The masses are encouraged by Bryce Harper’s spring. Everyone’s looking for a big bounceback season, so it seems like a good thing that Harper is second in spring-training home runs, with six. Well, Greg Bird is looking for a bounceback season of his own — not because he was bad in 2016, but because he wasn’t anything in 2016. Surgery’ll do that to a player. After Wednesday, Bird is right there with Harper, at six home runs. Let’s just continue to try to ignore that Peter O’Brien is ahead of both of them, with seven.
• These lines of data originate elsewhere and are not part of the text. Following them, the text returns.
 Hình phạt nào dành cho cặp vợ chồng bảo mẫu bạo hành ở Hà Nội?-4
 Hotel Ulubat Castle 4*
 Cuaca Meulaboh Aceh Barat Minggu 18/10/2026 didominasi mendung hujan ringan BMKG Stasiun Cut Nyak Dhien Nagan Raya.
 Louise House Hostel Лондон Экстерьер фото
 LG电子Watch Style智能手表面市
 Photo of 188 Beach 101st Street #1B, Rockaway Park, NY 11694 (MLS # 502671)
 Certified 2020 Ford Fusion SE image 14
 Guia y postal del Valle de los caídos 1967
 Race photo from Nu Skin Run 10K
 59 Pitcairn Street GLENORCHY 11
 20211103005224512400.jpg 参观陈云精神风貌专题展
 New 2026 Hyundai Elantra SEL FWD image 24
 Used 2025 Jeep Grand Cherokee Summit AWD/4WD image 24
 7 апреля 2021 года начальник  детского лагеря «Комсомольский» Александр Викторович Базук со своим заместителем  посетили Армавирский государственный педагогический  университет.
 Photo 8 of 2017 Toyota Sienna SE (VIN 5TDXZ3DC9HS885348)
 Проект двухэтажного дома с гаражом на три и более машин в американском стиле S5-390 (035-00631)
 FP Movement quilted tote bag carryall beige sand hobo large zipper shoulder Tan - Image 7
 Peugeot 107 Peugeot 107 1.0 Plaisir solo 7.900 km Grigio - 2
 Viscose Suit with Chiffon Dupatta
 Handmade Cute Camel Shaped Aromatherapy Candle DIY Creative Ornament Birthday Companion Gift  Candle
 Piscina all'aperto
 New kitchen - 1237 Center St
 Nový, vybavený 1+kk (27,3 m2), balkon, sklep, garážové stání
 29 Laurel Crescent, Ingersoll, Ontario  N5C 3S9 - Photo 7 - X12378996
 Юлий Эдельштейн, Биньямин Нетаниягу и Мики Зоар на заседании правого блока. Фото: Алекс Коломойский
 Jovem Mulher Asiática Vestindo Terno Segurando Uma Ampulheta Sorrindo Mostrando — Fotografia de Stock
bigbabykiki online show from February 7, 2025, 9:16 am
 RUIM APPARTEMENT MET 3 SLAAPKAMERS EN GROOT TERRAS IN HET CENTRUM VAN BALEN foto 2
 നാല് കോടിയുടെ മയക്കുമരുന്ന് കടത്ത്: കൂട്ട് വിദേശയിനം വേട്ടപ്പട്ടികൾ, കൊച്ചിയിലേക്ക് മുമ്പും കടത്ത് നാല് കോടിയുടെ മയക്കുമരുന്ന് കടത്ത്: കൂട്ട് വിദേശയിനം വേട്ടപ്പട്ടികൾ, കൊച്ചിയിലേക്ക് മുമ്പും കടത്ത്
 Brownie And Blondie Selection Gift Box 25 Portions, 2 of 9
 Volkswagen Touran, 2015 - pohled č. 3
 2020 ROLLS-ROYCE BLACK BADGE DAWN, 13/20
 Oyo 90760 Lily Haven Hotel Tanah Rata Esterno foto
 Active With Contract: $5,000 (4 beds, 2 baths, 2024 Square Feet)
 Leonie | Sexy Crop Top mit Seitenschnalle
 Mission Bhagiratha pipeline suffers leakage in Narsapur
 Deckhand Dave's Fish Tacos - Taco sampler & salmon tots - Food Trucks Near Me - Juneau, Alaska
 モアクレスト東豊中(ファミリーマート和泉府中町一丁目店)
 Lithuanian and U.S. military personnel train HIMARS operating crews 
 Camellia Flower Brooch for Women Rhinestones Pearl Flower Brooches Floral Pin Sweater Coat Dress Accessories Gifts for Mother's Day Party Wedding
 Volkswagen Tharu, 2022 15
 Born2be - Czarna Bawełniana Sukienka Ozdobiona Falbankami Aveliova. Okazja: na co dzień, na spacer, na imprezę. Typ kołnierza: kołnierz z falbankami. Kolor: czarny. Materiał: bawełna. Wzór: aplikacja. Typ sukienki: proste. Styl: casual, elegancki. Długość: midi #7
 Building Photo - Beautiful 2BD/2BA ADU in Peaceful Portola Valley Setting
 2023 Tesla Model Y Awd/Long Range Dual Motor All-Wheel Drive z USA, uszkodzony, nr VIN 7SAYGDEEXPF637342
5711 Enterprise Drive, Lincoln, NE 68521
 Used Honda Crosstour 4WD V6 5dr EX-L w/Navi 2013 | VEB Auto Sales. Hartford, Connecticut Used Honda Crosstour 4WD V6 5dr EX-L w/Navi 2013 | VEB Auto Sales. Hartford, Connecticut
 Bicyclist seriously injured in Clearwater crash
Out of sight usually means out of mind, as fandom goes, and Bird, for a while, was sort of a forgotten young Yankee, what with the group emergence of Gary Sanchez, Aaron Judge, Tyler Austin, and so on. It’s nothing Bird could help, but labrum surgery kept him from playing, and it was all he could ask for to have a successful spring. Suffice to say Bird is back in the picture. Suffice to say he’s generating at least as much enthusiasm as anybody else. Through 47 exhibition trips to the plate, Bird’s hitting .439, with a four-digit slugging percentage. He’s been the very best spring-training hitter, and while that’s not something anyone actually cares about, there is significance here. It would sure seem that Bird’s shoulder is fine.